§ **How to complete this task**: Comb through the entries for "pièce" and pull out each line that holds it.

§ **Data records**:
--
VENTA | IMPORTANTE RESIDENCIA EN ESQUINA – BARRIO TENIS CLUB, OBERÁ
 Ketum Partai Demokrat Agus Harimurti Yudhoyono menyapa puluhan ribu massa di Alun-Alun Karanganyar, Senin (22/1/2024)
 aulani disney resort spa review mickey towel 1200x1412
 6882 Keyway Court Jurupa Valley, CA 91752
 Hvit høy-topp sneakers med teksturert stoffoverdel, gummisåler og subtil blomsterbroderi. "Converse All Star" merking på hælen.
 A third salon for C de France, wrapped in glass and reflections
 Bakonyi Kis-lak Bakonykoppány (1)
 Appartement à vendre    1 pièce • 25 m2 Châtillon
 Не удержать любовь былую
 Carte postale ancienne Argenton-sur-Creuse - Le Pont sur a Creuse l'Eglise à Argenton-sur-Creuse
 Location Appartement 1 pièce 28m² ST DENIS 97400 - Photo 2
--
§ **Reply to the task**:
 Appartement à vendre    1 pièce • 25 m2 Châtillon
 Location Appartement 1 pièce 28m² ST DENIS 97400 - Photo 2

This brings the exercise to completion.